== Provided information ==
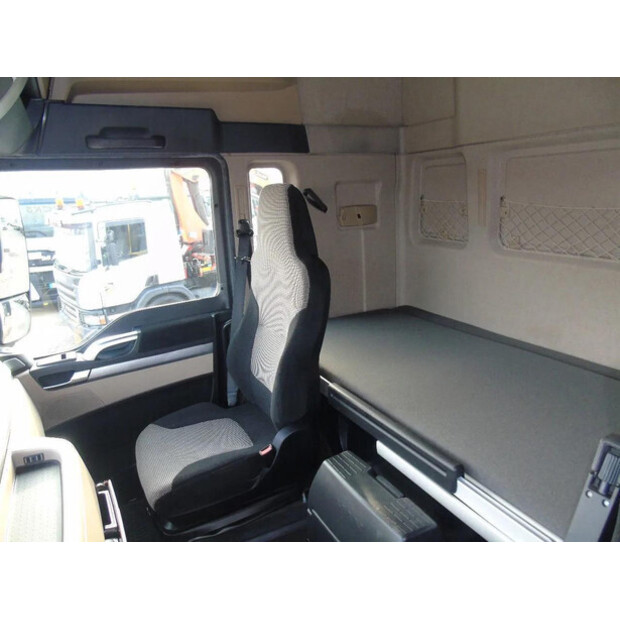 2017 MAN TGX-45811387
===
== Provided information ==
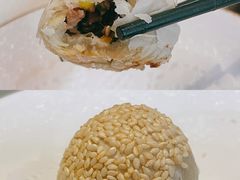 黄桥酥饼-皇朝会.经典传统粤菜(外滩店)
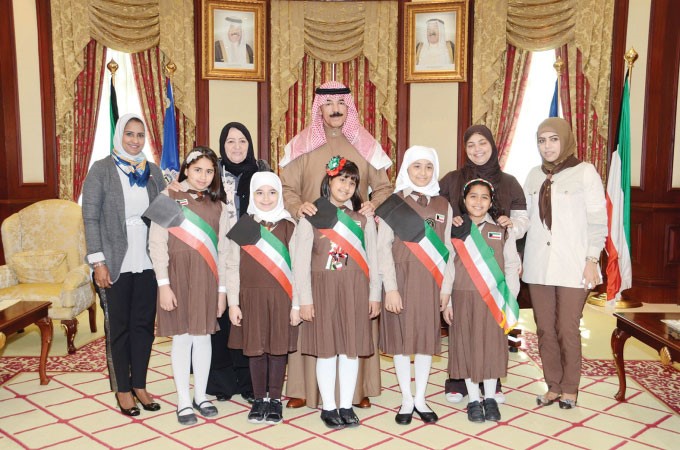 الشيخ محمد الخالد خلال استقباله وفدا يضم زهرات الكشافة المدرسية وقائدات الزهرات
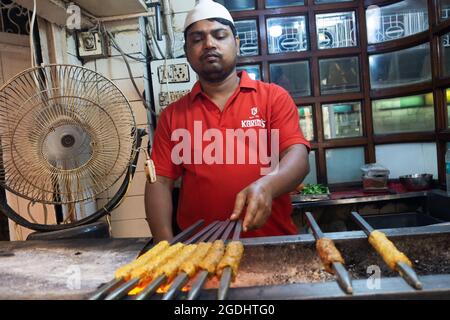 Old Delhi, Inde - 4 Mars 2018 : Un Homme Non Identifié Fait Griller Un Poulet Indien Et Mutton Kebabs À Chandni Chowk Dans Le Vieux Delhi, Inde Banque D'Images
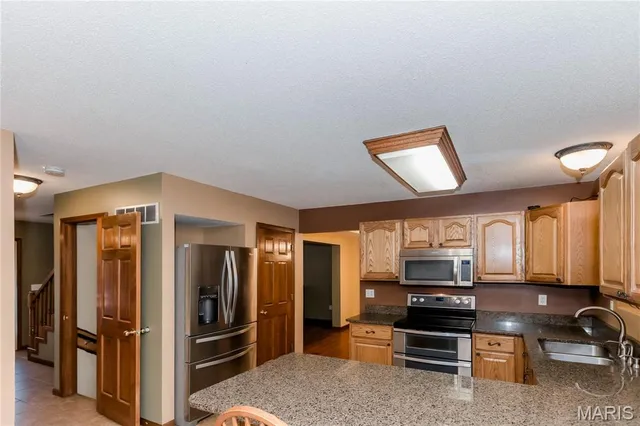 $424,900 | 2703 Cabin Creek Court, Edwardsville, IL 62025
===
== Provided information ==
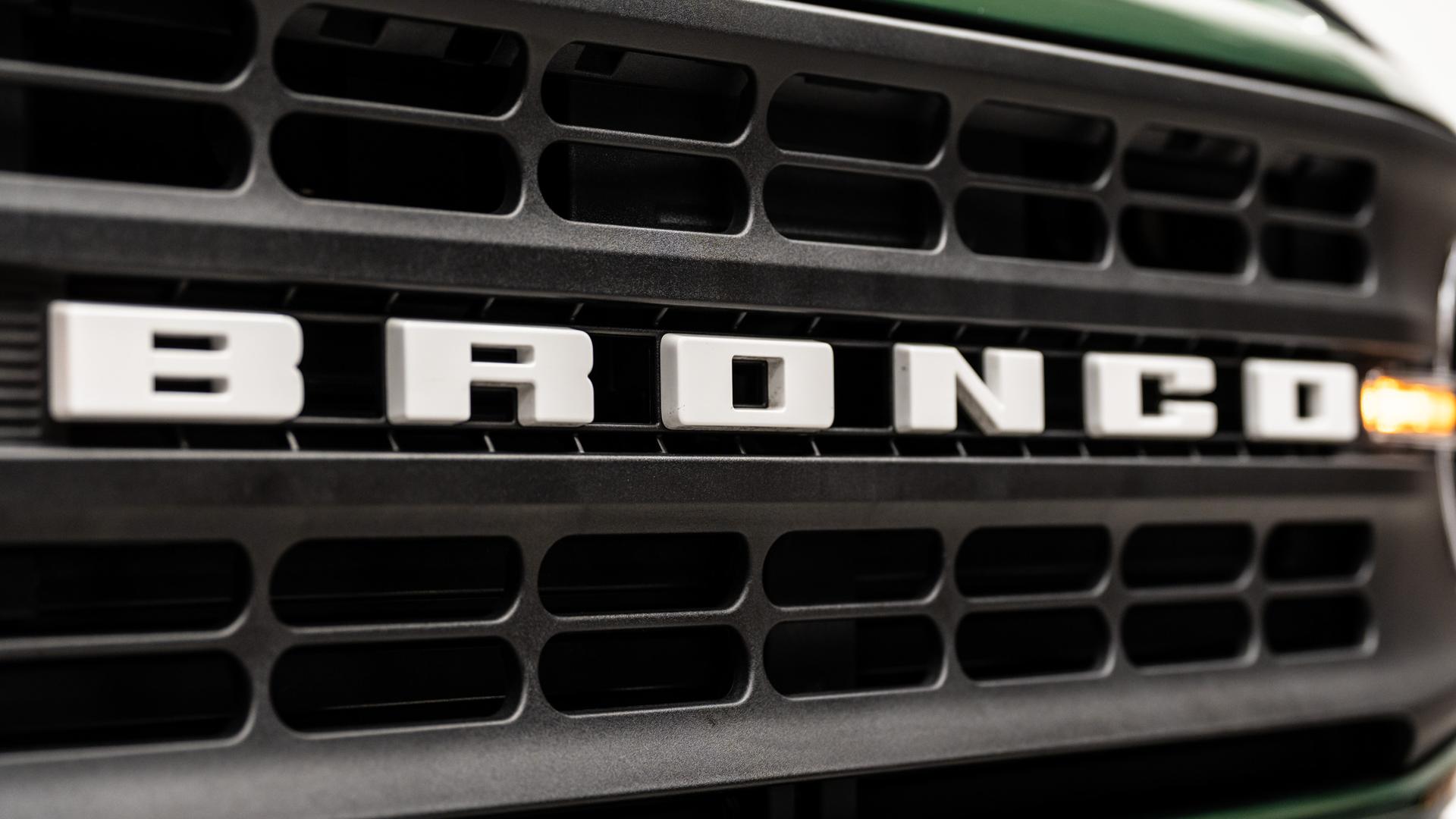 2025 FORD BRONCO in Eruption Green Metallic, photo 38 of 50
===
**Assigned task:**
Within the data above, repeat exactly the lines from the one bearing "黄桥酥饼-皇朝会.经典传统粤菜(外滩店)" through the one bearing "Old Delhi, Inde". Include no pictures and nothing else.

**Answer to this task:**
 黄桥酥饼-皇朝会.经典传统粤菜(外滩店)
 الشيخ محمد الخالد خلال استقباله وفدا يضم زهرات الكشافة المدرسية وقائدات الزهرات
 Old Delhi, Inde - 4 Mars 2018 : Un Homme Non Identifié Fait Griller Un Poulet Indien Et Mutton Kebabs À Chandni Chowk Dans Le Vieux Delhi, Inde Banque D'Images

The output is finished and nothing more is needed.